**Task input**:
..............................

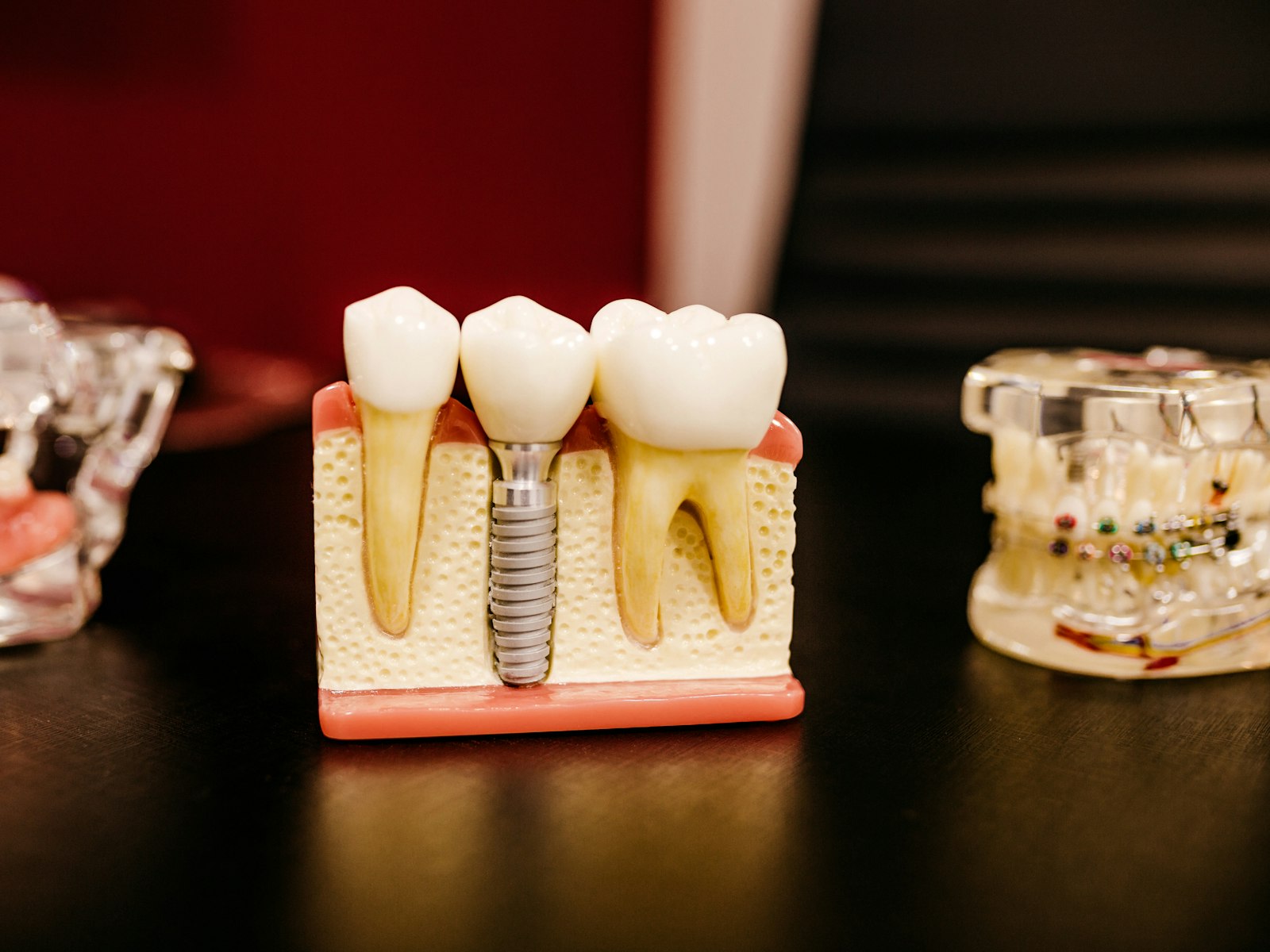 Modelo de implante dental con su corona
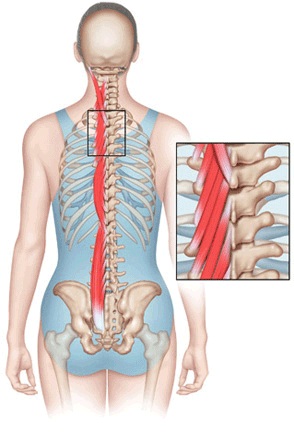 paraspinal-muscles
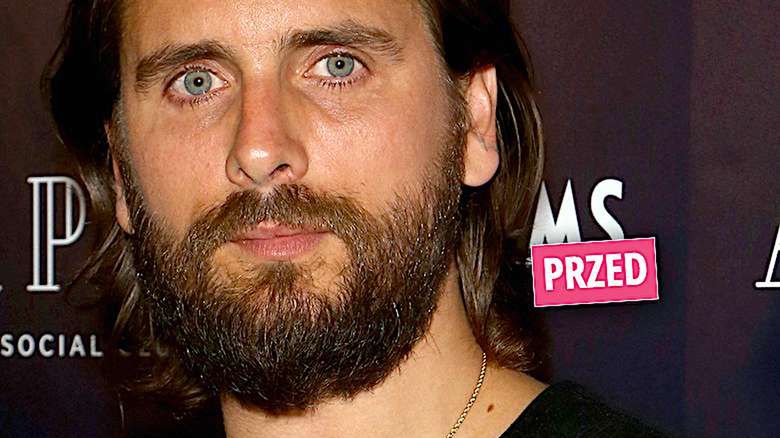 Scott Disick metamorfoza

..............................

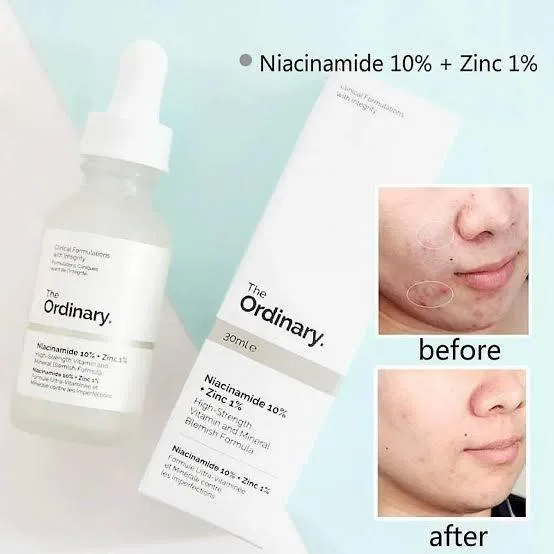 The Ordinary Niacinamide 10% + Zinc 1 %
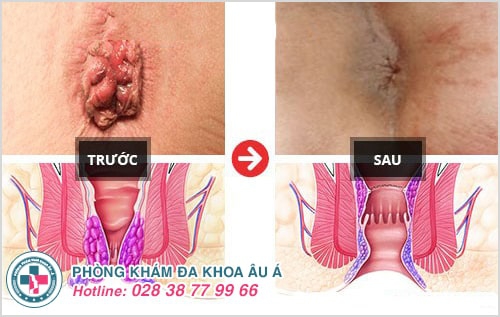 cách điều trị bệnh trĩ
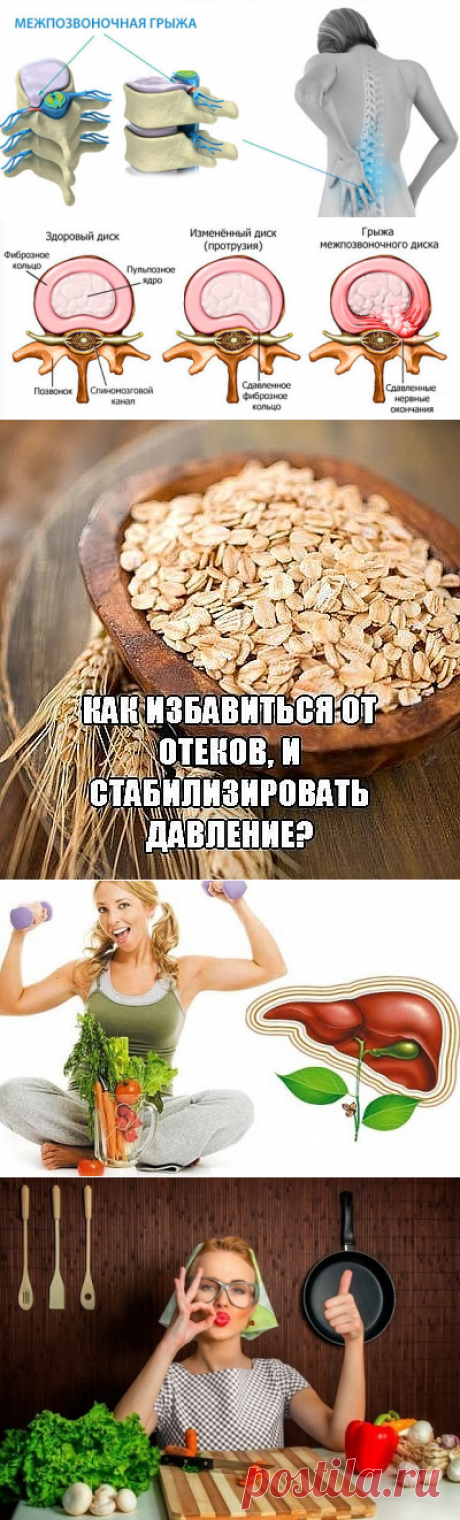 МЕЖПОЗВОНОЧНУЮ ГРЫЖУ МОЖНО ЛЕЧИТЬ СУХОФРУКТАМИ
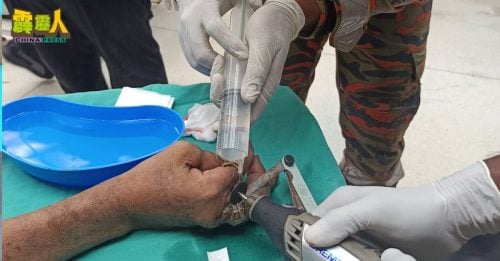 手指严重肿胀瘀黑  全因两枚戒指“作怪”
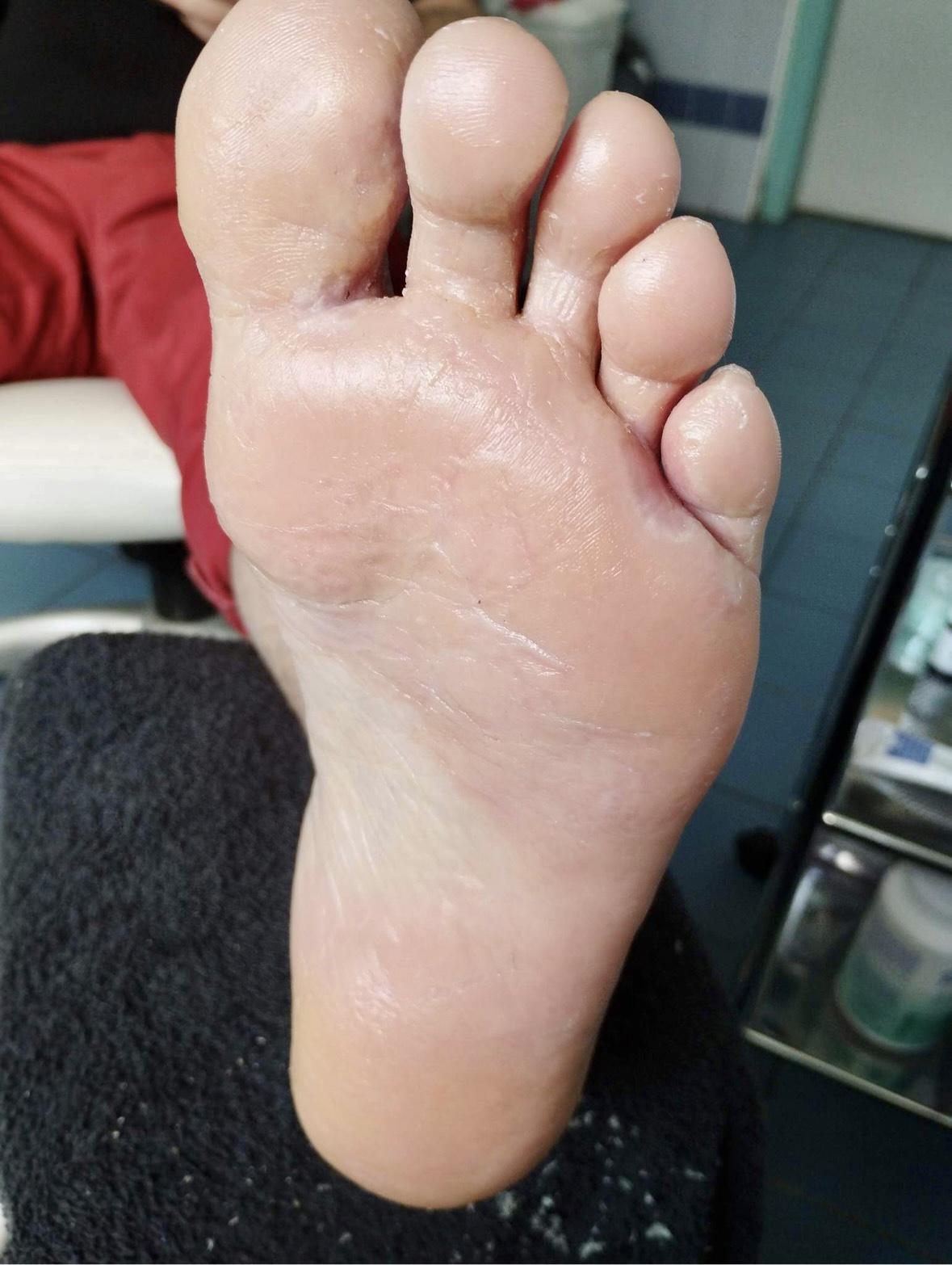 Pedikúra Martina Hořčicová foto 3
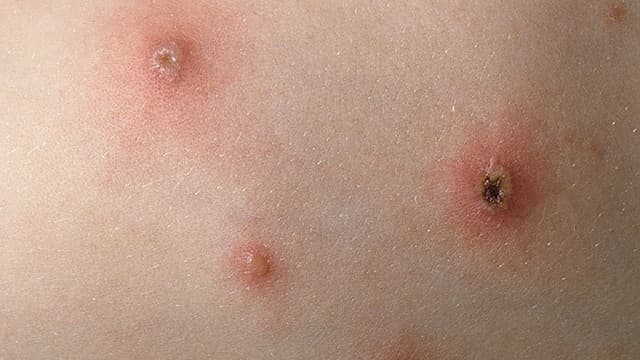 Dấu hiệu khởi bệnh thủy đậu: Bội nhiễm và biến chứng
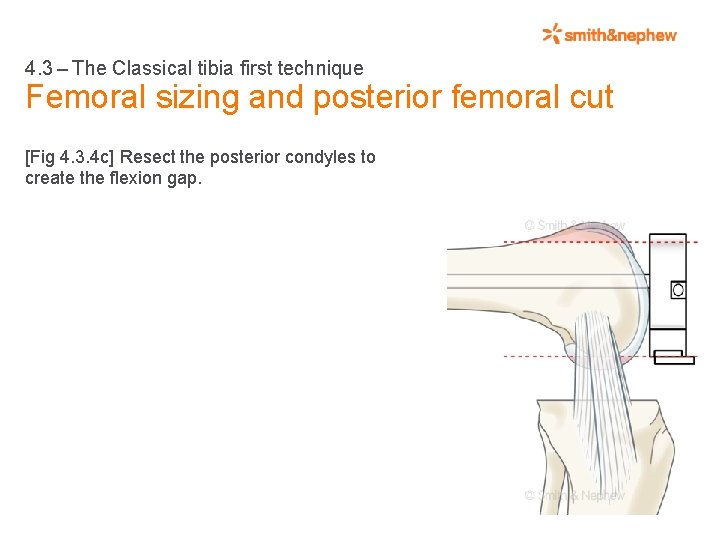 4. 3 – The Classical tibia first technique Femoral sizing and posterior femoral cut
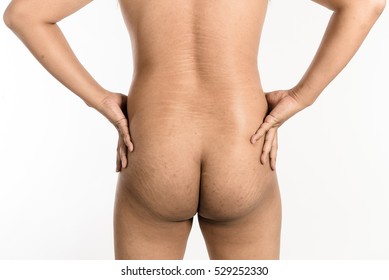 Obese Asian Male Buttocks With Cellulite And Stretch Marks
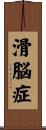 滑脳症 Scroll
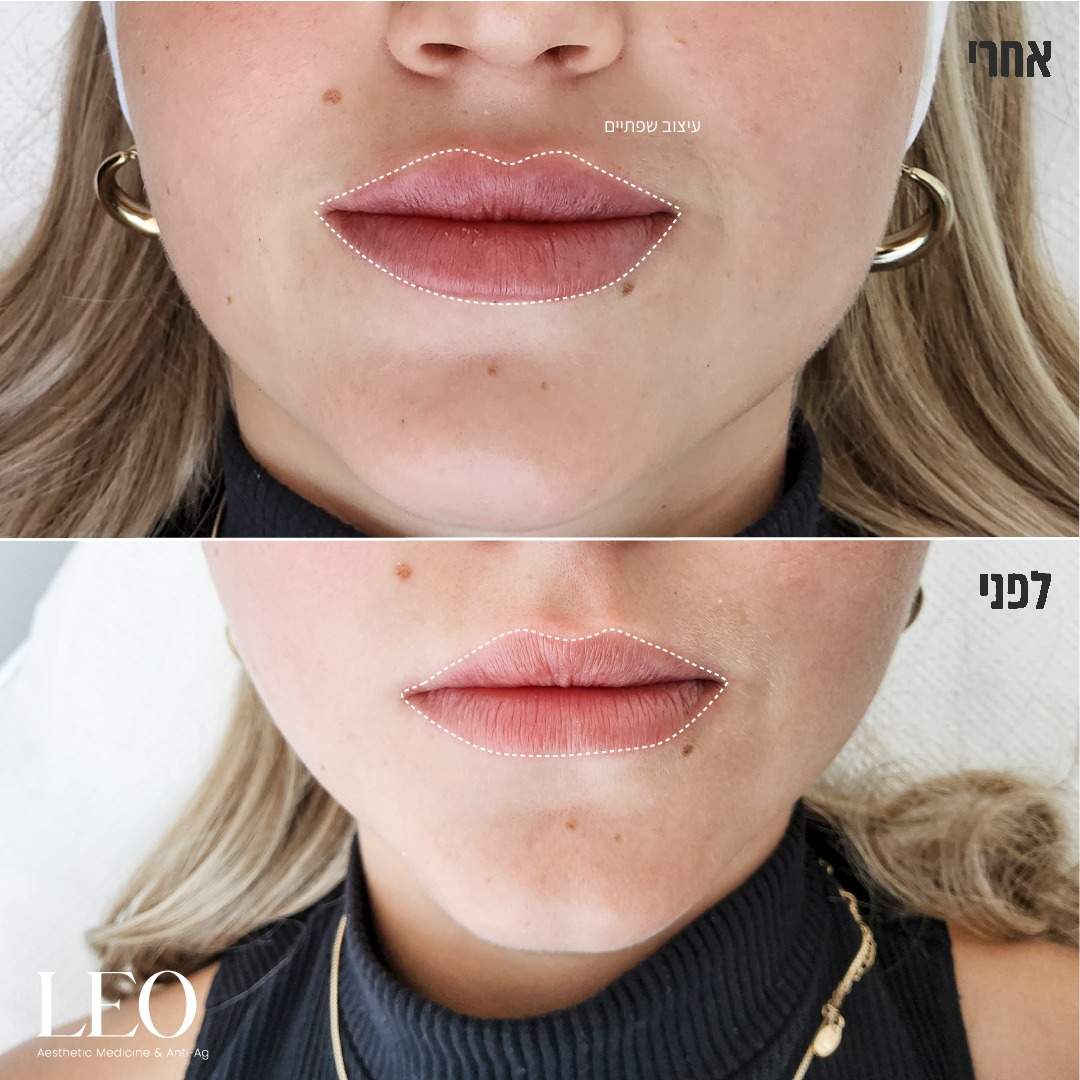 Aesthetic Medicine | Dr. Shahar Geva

..............................

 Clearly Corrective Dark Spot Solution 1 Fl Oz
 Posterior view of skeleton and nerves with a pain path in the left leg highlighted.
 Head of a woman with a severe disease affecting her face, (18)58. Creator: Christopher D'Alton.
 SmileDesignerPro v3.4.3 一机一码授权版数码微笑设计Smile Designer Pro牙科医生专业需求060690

..............................

**Try it**: Look back over the records above. Reproduce exactly everything from the line with "Modelo de implante dental con su corona" down to the line with "Scott Disick metamorfoza", inclusive, and leave the pictures out.

**Task solution**:
 Modelo de implante dental con su corona
 paraspinal-muscles
 Scott Disick metamorfoza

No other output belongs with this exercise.